[Scraped caption text data]
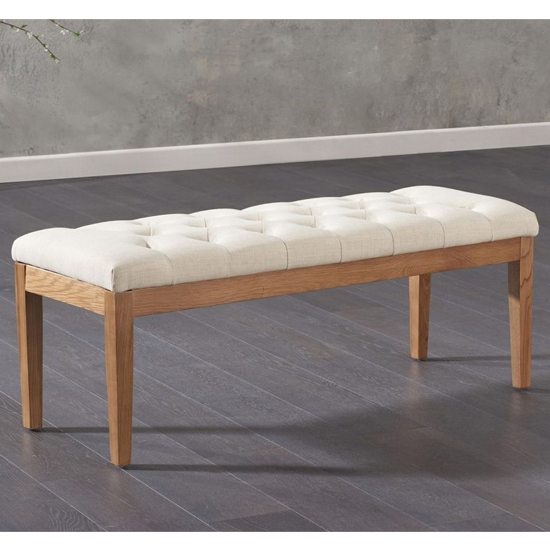 Absoluta Fabric Small Dining Bench In Beige_2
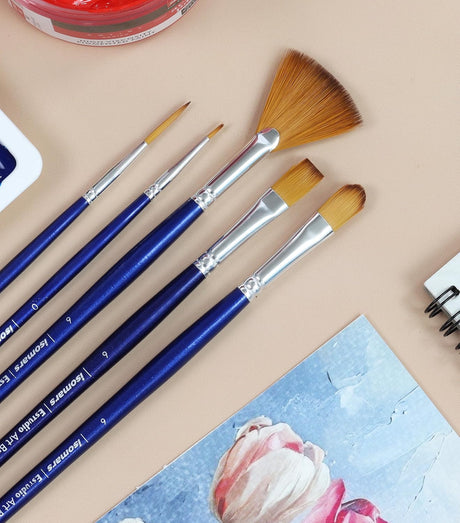 Isomars Estudio Art Brush Set of 5 | Professional Synthetic Long Handle Paint Brushes for Acrylic, Watercolor & Oil Painting | Flat, Fan, Oval, Round & Detail Artist Brushes for Blending, Shading & Fine Detailing - Isomars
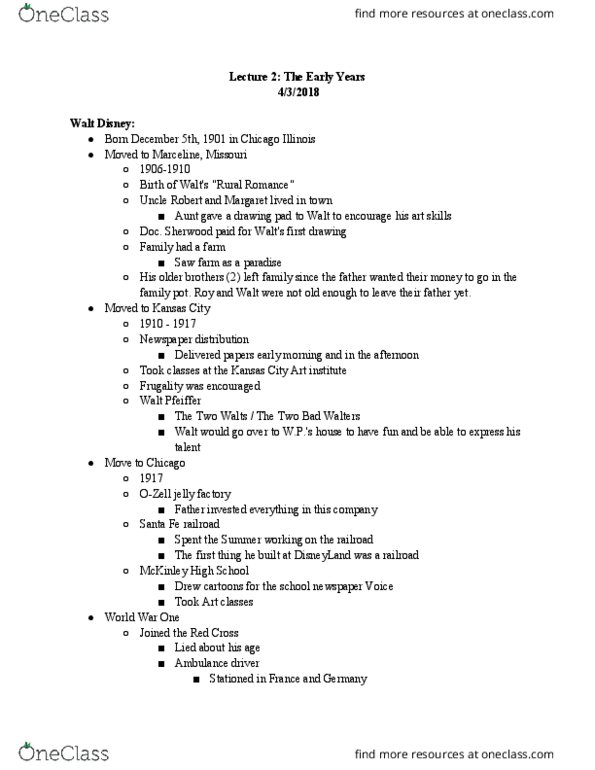 THEA 80N Lecture Notes - Lecture 2: Frugality, Otto Messmer, The Walt Disney Company thumbnail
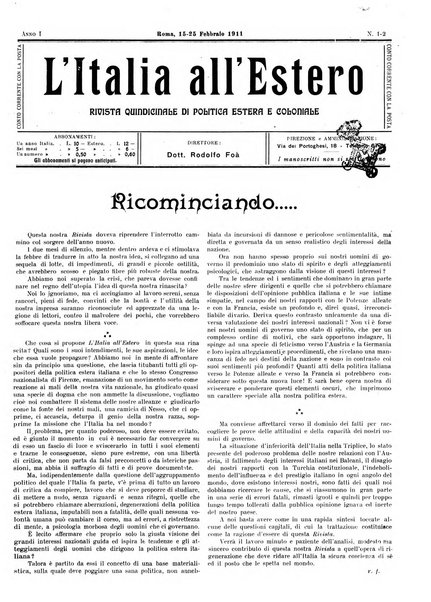 L'Italia all'estero rivista di politica estera e coloniale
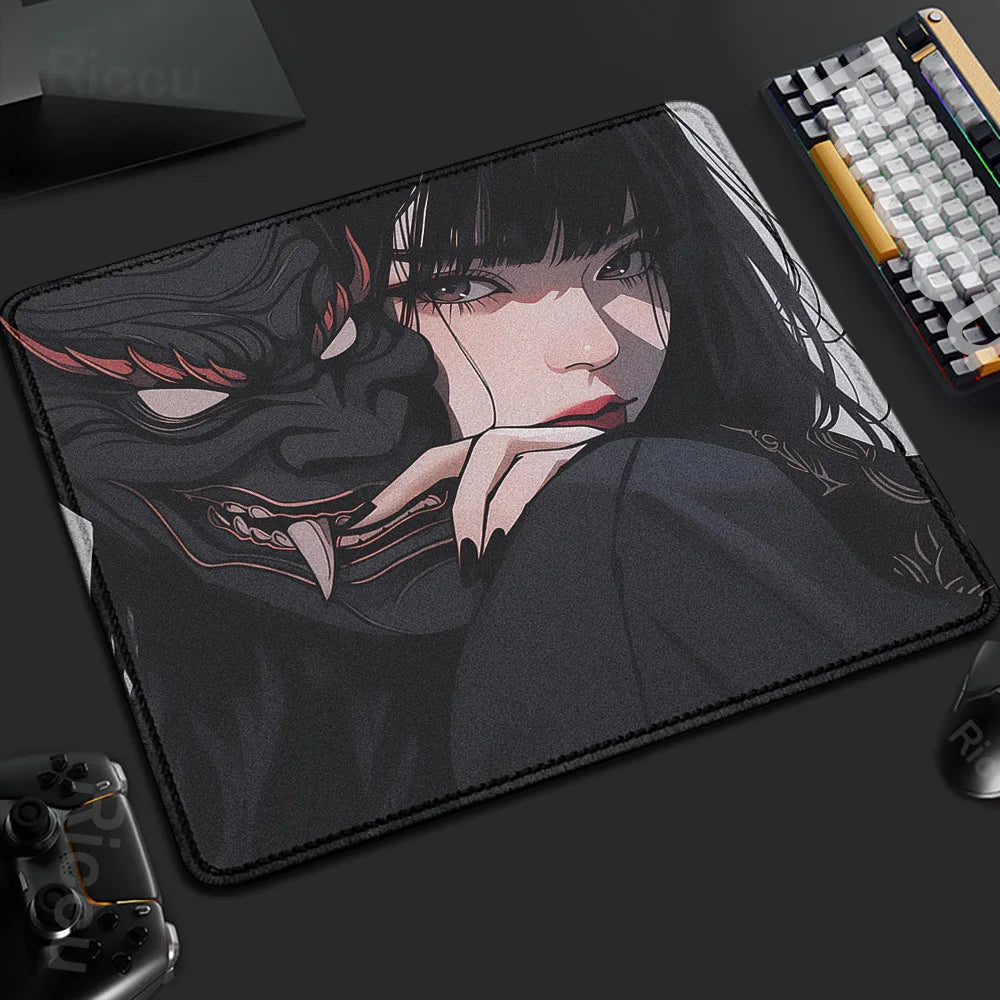 Mouse Pad Gamer Oni Girl 45x40 Antiderrapante Premium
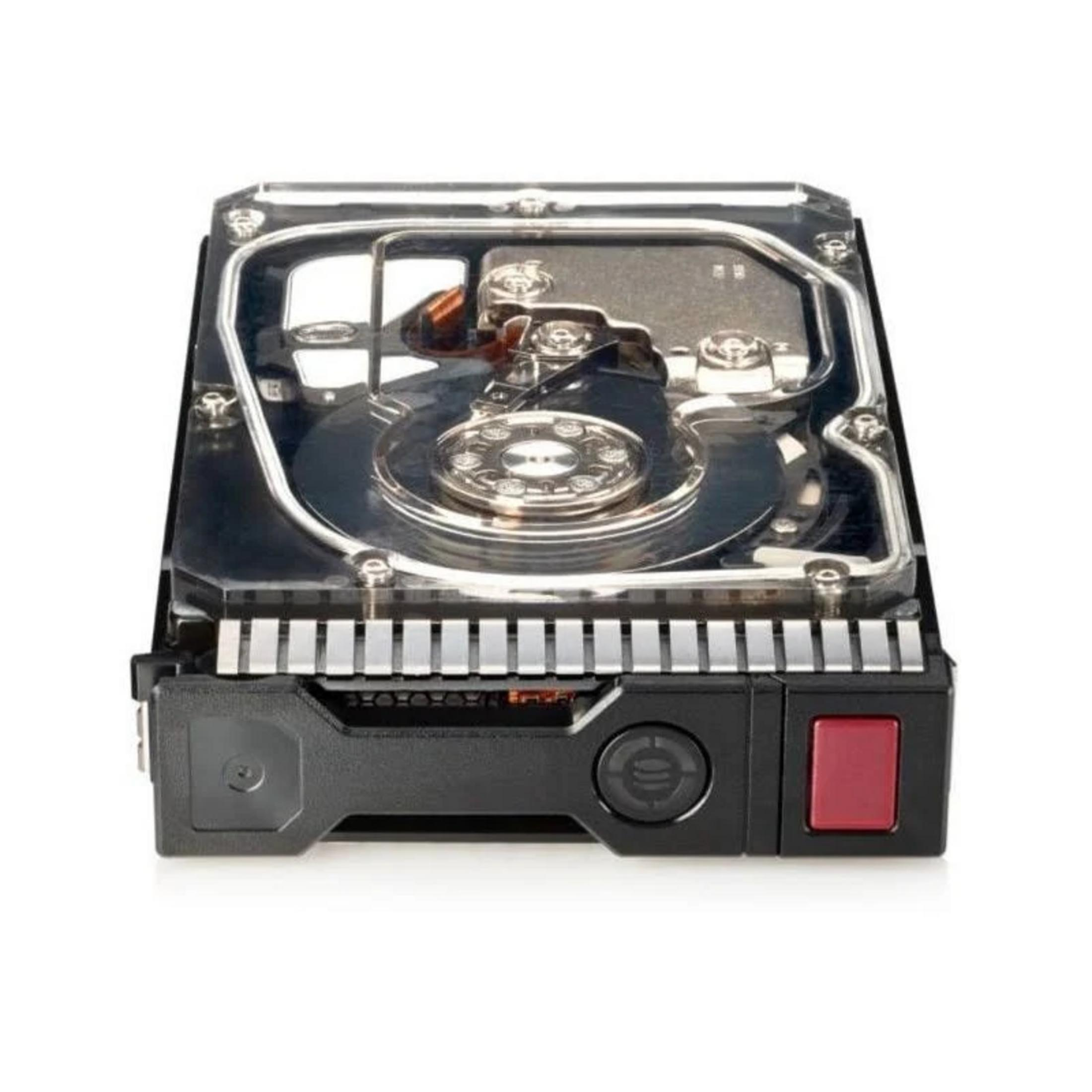 A hard drive with a clear casing, silver components, and a black housing.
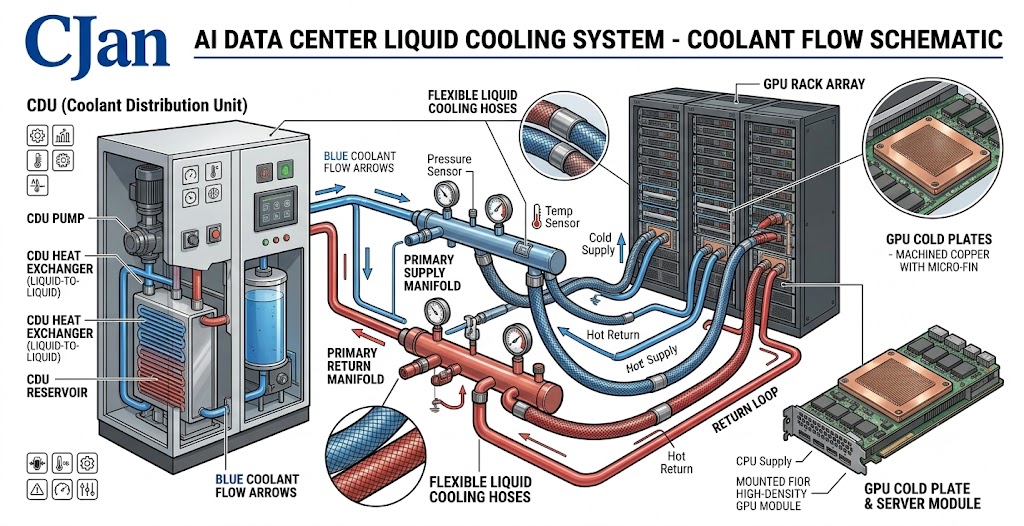 Engineering diagram showing coolant circulation from CDU through hoses, cold plates, GPUs, and return loop.
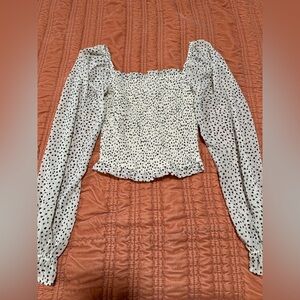 Japna White and Black Dotted Blouse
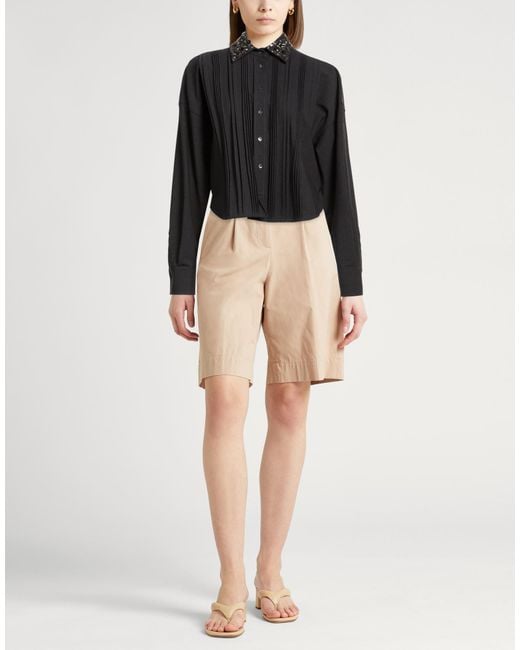 Brunello Cucinelli Black Shirt Virgin Wool, Polyamide, Elastane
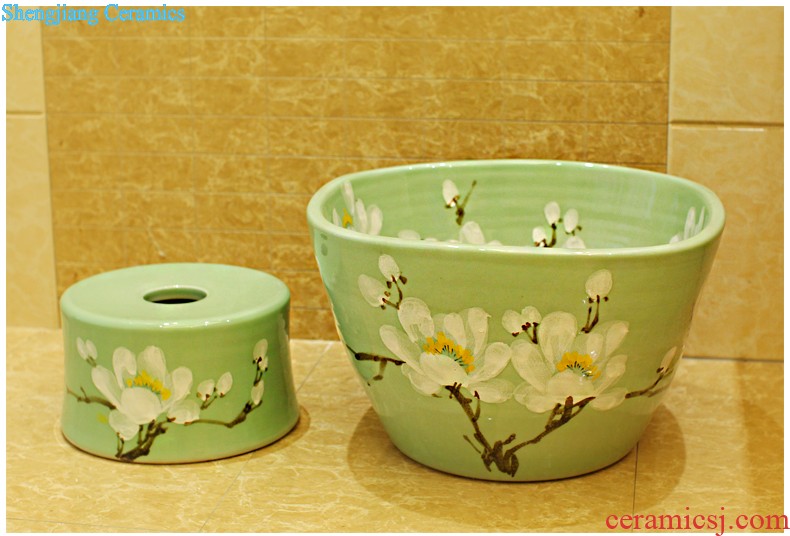 Koh larn, qi Increase the square on the art of jingdezhen ceramic bowl lavatory sink basin Platinum peony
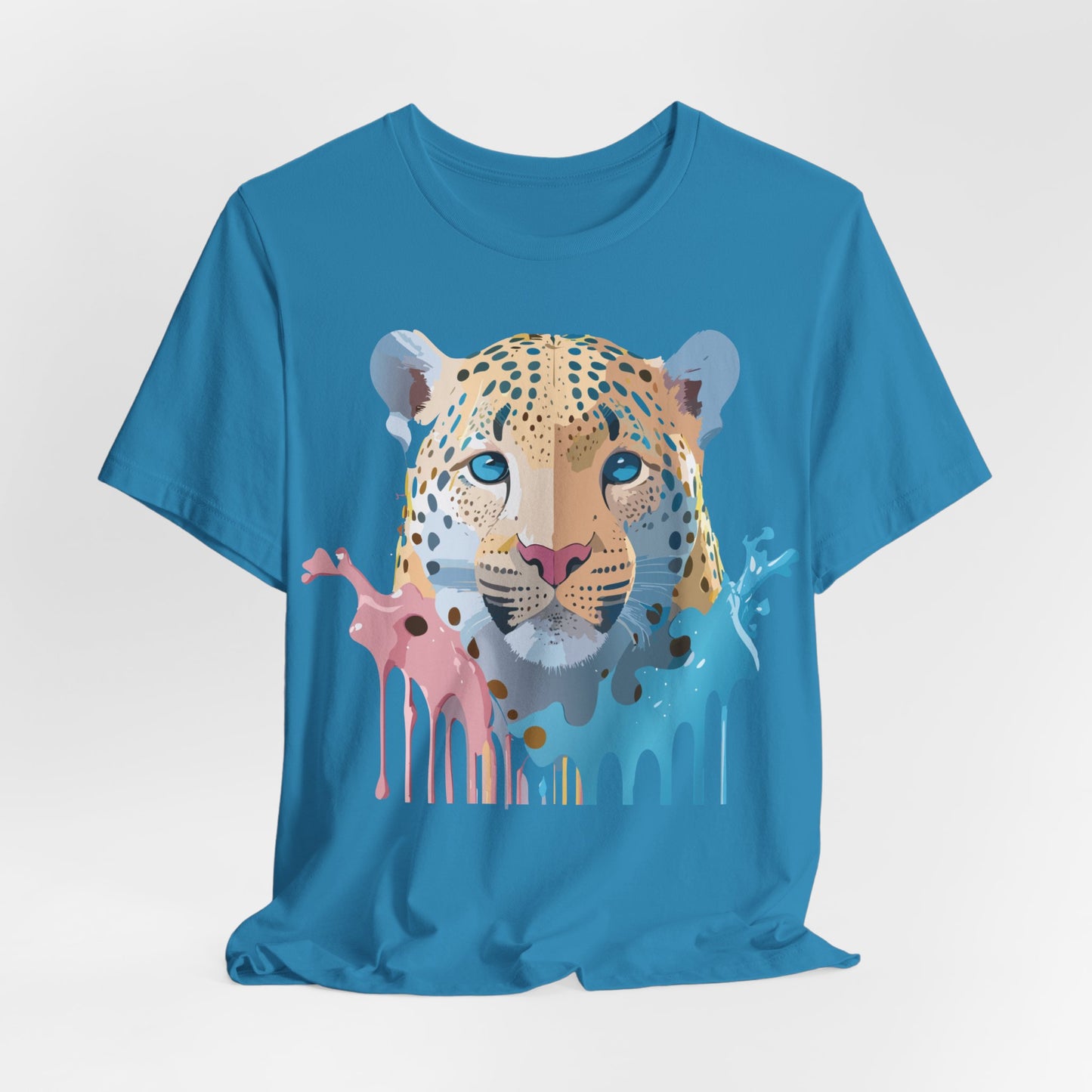 Natural Cotton Tee Shirt with Cheetah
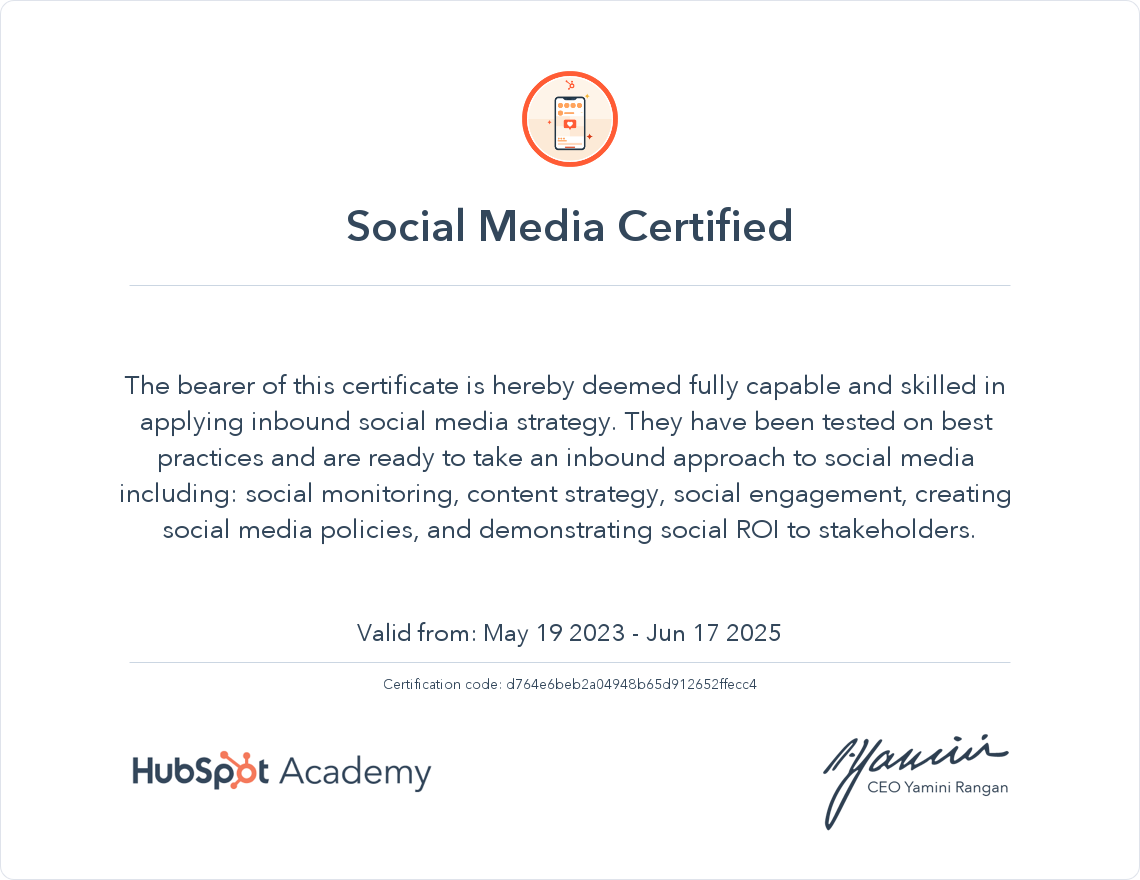 HubSpot Academy Social Media Marketing Certification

§ EXERCISE OBJECTIVE: In your copy, include every record word for word but no pictures.

§ ANSWER TO THIS TASK:
 Absoluta Fabric Small Dining Bench In Beige_2
 Isomars Estudio Art Brush Set of 5 | Professional Synthetic Long Handle Paint Brushes for Acrylic, Watercolor & Oil Painting | Flat, Fan, Oval, Round & Detail Artist Brushes for Blending, Shading & Fine Detailing - Isomars
 THEA 80N Lecture Notes - Lecture 2: Frugality, Otto Messmer, The Walt Disney Company thumbnail
 L'Italia all'estero rivista di politica estera e coloniale
 Mouse Pad Gamer Oni Girl 45x40 Antiderrapante Premium
 A hard drive with a clear casing, silver components, and a black housing.
 Engineering diagram showing coolant circulation from CDU through hoses, cold plates, GPUs, and return loop.
 Japna White and Black Dotted Blouse
 Brunello Cucinelli Black Shirt Virgin Wool, Polyamide, Elastane
 Koh larn, qi Increase the square on the art of jingdezhen ceramic bowl lavatory sink basin Platinum peony
 Natural Cotton Tee Shirt with Cheetah
 HubSpot Academy Social Media Marketing Certification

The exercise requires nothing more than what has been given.